MATERIAL PROVIDED:

::::

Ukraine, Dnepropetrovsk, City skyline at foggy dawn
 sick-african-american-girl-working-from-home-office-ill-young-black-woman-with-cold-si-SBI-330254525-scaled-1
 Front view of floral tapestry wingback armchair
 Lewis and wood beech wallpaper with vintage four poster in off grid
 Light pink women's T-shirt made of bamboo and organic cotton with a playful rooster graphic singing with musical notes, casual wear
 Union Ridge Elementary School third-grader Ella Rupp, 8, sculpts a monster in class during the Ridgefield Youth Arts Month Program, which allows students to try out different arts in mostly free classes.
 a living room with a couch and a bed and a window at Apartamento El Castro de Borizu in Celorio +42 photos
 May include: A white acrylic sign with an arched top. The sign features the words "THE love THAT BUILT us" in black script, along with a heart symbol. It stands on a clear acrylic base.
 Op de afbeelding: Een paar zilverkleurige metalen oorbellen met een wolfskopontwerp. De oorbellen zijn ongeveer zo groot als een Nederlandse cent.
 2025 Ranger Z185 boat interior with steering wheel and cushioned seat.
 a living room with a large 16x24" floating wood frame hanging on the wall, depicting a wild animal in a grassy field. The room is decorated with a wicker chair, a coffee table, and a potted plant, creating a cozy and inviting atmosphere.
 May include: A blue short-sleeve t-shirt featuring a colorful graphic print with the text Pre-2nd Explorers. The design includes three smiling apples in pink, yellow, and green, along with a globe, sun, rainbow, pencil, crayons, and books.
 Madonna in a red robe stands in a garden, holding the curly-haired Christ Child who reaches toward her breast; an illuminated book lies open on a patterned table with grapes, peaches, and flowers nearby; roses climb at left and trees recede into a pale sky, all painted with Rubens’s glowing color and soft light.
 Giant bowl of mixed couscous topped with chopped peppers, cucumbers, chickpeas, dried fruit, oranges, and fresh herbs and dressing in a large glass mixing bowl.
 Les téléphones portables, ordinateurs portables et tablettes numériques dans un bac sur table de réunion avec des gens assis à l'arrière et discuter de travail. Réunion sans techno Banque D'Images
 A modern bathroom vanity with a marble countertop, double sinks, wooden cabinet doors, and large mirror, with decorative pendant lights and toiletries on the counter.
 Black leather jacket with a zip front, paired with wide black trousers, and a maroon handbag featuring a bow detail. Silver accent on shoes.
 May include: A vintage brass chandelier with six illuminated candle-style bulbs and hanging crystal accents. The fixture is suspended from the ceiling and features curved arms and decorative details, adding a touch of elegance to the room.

::::

Retype all of the material exactly as it stands above.

Ukraine, Dnepropetrovsk, City skyline at foggy dawn
 sick-african-american-girl-working-from-home-office-ill-young-black-woman-with-cold-si-SBI-330254525-scaled-1
 Front view of floral tapestry wingback armchair
 Lewis and wood beech wallpaper with vintage four poster in off grid
 Light pink women's T-shirt made of bamboo and organic cotton with a playful rooster graphic singing with musical notes, casual wear
 Union Ridge Elementary School third-grader Ella Rupp, 8, sculpts a monster in class during the Ridgefield Youth Arts Month Program, which allows students to try out different arts in mostly free classes.
 a living room with a couch and a bed and a window at Apartamento El Castro de Borizu in Celorio +42 photos
 May include: A white acrylic sign with an arched top. The sign features the words "THE love THAT BUILT us" in black script, along with a heart symbol. It stands on a clear acrylic base.
 Op de afbeelding: Een paar zilverkleurige metalen oorbellen met een wolfskopontwerp. De oorbellen zijn ongeveer zo groot als een Nederlandse cent.
 2025 Ranger Z185 boat interior with steering wheel and cushioned seat.
 a living room with a large 16x24" floating wood frame hanging on the wall, depicting a wild animal in a grassy field. The room is decorated with a wicker chair, a coffee table, and a potted plant, creating a cozy and inviting atmosphere.
 May include: A blue short-sleeve t-shirt featuring a colorful graphic print with the text Pre-2nd Explorers. The design includes three smiling apples in pink, yellow, and green, along with a globe, sun, rainbow, pencil, crayons, and books.
 Madonna in a red robe stands in a garden, holding the curly-haired Christ Child who reaches toward her breast; an illuminated book lies open on a patterned table with grapes, peaches, and flowers nearby; roses climb at left and trees recede into a pale sky, all painted with Rubens’s glowing color and soft light.
 Giant bowl of mixed couscous topped with chopped peppers, cucumbers, chickpeas, dried fruit, oranges, and fresh herbs and dressing in a large glass mixing bowl.
 Les téléphones portables, ordinateurs portables et tablettes numériques dans un bac sur table de réunion avec des gens assis à l'arrière et discuter de travail. Réunion sans techno Banque D'Images
 A modern bathroom vanity with a marble countertop, double sinks, wooden cabinet doors, and large mirror, with decorative pendant lights and toiletries on the counter.
 Black leather jacket with a zip front, paired with wide black trousers, and a maroon handbag featuring a bow detail. Silver accent on shoes.
 May include: A vintage brass chandelier with six illuminated candle-style bulbs and hanging crystal accents. The fixture is suspended from the ceiling and features curved arms and decorative details, adding a touch of elegance to the room.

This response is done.